Location: Genomics and Bioinformatics Research
Project Number: 6066-21310-006-004-I
Project Type: Interagency Reimbursable Agreement
Start Date: Sep 1, 2019
End Date: Aug 31, 2024
Rationale: Salmonellosis sickens 1.2 million people and has an estimated economic impact of $152 billion annually in the United Sates. Epidemiological investigations of Salmonella outbreaks rely on multiple, time-consuming rounds of culturing Salmonella and identification using antisera typing, multi-locus sequence typing (MLST) or genome sequencing to trace an outbreak to its source. Metagenomics has the potential to cut the time to identify a strain from 4 days to 1 or 2, but current methods for molecular typing like MLST do not work well on fragmented metagenomic data. Overall goal: We will develop local software and a web application to analyze, report and track Salmonella detected by metagenomics using novel population genomics-based methods.
Our approach identifies Salmonella strains and their properties directly from metagenomic data. Initially, consensus sequences will be built from each of the 334 core genes during training. A large database of approximately 56,000 genomes by ~900,000 SNPs will be created. From that data, a locality sensitive hashing (LSH) index will be created to rapidly identify closest strains by weighted cosine similarity.

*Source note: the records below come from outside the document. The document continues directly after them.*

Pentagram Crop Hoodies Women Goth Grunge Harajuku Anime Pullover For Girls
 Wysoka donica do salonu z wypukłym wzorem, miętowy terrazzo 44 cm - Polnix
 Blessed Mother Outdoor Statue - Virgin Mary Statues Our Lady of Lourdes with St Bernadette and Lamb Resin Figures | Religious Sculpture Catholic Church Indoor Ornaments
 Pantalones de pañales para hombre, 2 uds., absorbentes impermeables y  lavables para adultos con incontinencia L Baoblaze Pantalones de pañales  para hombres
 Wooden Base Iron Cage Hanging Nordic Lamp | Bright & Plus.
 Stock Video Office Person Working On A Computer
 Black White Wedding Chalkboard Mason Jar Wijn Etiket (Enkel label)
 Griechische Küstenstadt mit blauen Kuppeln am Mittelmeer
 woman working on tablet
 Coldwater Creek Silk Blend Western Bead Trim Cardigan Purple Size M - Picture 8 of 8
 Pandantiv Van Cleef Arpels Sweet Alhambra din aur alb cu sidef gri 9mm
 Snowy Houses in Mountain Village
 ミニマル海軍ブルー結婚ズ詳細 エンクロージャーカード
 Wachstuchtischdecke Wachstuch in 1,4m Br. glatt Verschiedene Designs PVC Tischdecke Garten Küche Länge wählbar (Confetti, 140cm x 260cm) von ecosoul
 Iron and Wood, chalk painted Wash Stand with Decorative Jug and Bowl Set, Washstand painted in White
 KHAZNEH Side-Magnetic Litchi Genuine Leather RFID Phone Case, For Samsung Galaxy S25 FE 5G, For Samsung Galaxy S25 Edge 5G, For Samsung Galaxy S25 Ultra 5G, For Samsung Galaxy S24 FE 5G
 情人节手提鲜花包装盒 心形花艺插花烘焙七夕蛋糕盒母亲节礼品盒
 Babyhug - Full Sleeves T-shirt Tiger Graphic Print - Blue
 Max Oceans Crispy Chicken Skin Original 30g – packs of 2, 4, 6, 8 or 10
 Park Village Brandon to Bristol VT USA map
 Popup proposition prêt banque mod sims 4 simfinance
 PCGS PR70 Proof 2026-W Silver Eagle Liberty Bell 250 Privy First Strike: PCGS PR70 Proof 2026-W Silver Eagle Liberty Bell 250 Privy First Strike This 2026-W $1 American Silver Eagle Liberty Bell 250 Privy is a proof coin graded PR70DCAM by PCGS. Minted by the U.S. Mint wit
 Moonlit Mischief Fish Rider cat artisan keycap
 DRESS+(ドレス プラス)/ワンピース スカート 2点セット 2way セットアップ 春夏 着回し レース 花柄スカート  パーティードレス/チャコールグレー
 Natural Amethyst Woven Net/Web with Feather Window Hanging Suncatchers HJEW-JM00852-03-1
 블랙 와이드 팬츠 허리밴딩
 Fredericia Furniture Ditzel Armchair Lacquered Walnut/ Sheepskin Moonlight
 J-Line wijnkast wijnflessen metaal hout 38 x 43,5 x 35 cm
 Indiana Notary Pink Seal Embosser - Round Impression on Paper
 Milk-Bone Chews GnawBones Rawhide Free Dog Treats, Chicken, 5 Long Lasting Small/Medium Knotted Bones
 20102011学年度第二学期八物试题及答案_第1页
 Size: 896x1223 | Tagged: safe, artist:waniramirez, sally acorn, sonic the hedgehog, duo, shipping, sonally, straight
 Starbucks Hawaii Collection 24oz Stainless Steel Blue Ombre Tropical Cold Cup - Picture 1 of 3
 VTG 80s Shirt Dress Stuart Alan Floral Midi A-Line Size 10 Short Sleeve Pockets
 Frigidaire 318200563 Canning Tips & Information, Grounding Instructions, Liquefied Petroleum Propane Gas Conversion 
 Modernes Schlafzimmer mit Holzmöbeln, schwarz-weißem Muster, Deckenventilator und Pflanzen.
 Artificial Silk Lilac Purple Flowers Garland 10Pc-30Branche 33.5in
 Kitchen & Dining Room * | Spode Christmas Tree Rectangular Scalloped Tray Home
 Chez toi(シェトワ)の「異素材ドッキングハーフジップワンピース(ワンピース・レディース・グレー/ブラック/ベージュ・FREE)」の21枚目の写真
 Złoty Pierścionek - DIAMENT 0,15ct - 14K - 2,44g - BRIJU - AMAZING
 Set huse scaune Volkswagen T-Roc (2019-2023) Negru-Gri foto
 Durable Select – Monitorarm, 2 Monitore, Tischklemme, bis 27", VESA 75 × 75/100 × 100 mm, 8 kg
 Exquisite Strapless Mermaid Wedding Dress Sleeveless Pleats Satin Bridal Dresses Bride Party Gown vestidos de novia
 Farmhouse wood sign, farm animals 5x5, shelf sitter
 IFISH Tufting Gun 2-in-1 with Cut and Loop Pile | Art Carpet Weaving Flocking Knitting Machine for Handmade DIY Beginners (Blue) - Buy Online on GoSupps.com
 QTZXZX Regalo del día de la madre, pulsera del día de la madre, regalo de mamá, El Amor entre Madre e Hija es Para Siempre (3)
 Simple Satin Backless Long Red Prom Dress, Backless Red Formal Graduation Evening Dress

To predict strain phenotypes, machine learning models will be created by reducing dimensionality and sparsity with a variational audoencoder then training feed forward multilayer neural networks with dropout to predict the desired attributes. During sample analysis reads will be rapidly matched to the core genes by kmer search to reduce the search space. The reads will be error-corrected, merged, aligned to the reference and single nucleotide polymorphisms (SNPs) will be called. Nearest matching strains will be identified by LSH search. Predictions of other strain attributes like serotype, multi-locus sequence typing (MLST) type, antimicrobial resistance and pathogenicity will be made from machine learning models trained on the input genomes.